EXERCISE DATA
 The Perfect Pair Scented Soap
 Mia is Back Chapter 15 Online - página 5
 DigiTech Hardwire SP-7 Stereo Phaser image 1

WORK TASK
Copy exactly, and only, the lines from the line containing "Mia is Back Chapter 15 Online - página 5" to the end of the listing, with both ends included.

TASK RESPONSE
 Mia is Back Chapter 15 Online - página 5
 DigiTech Hardwire SP-7 Stereo Phaser image 1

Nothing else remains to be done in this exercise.